E não com certa angústia penso no pai, morto aos 40 anos, destroçado por perseguições, somente por ser militante de um partido legalizado, mas depois tornado proscrito pelo Estado Novo, que continuou perseguindo comunistas, com muitos militantes assassinados. Meu pai seria assassinado, sim, se não enveredasse pela clandestinidade. Mas histórias assim não interessam à COMISSÃO NACIONAL DA VERDADE, esta que deveria iniciar seus trabalhos desde a década de 30 para chegar aos dias atuais e com absoluta isenção, exatamente o que não aconteceu.

Bem, só para ilustrar vou postar um bilhete de minha irmã mais velha, que guardo com muito zelo, assim como o Atestado de Óbito do pai, para que os leitores reflitam sobre esta história, apenas uma dentre muitas ignoradas pelo sistema situacional hoje representado pelas esquerdas, incluindo-se militantes da “esquerda caviar” que jamais lutaram por uma causa.
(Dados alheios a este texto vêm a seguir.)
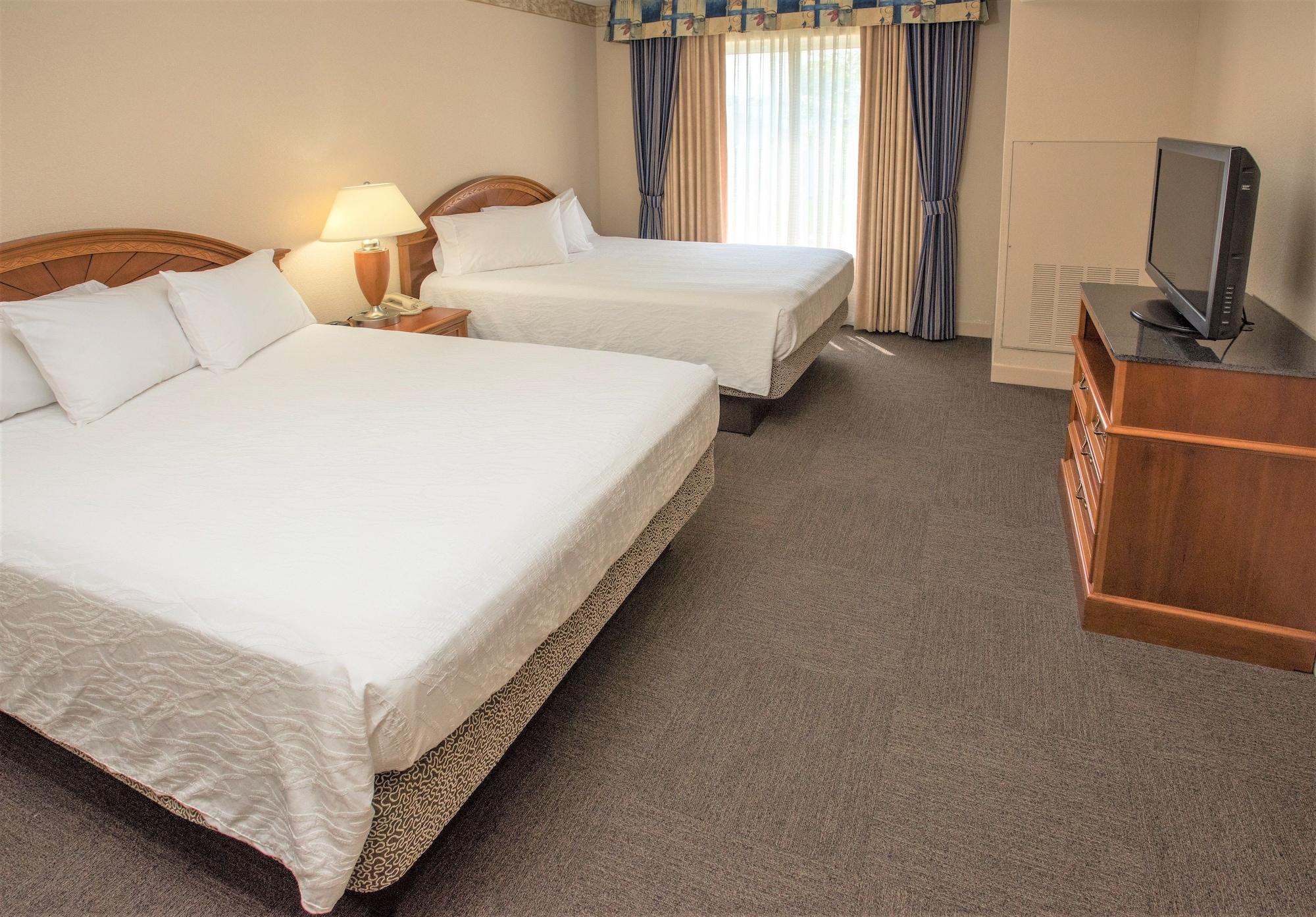 Hilton Garden Inn Wooster Dış mekan fotoğraf
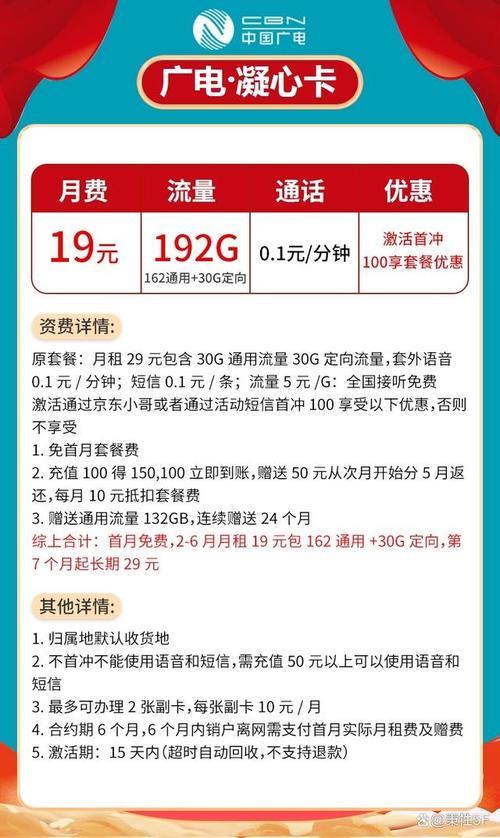 流量卡便宜套餐大比拼：如何以最优惠的价格获得最多流量？
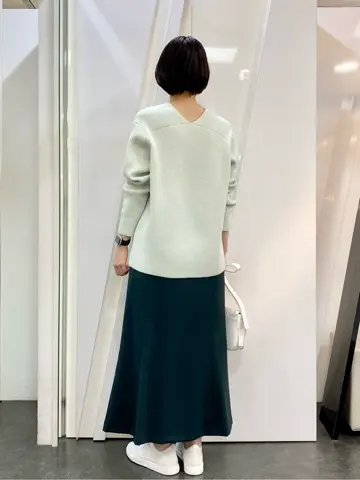 ICB 須賀原 コーディネート画像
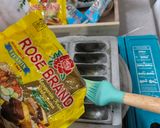 Foto langkah ke 3 dari resep Kue Gandos.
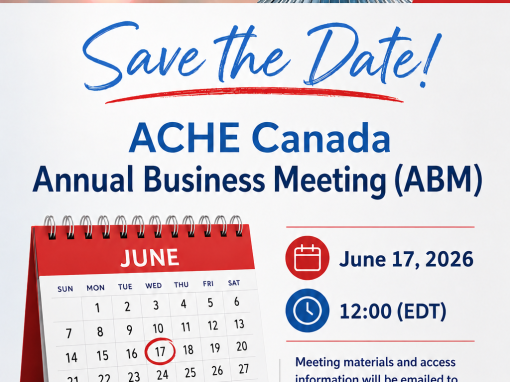 Annual Business Meeting (ABM) Annual Business Meeting (ABM)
Porque o pai, mesmo equivocado, e no meu modo de ver um sonhador, nada mais que inocente útil, mesmo assim lutou por seu ideal não medindo consequências. Não aprovo o que ele fez ou deixou de fazer. Jamais o imitaria, nunca fui nem pretendo ser comunista e menos ainda fascista, amo a democracia. Mas eu o admiro e venero mais que qualquer outra pessoa deste mundo!



3 comentários:

Anônimo disse...

Meu comandante,minhas condolências,ainda que intempestiva.
Depois de tudo que li só me resta uma pergunta: QUE PAÍS É ESSE?
ABRAÇOS DE UM SARGENTO DECEPCIONADO.

Anônimo disse...

Cel Larangeira.
Quem conviveu com o senhor na caserna e conhece sua história de vida, tem em mente, consciente ou inconscientemente, que conheceu um homem de verdade. Sua luta foi ferrenha, como um valente de verdade enfrentou hipócritas e covardes de peito aberto e ainda tem a coragem de mostrar a verdade a quem quiser ver. Infelizmente, bravos do seu quilate estão em extinção até porque é bem mais cômodo se omitir, não se envolver e não se estressar. A vida vai nos ensinando assim!
Desejo um Feliz Natal ao senhor e a toda sua família!

Anônimo disse...

Emir disse:

Muito obrigado, meu amigo! Desejo-lhe também um Feliz Natal.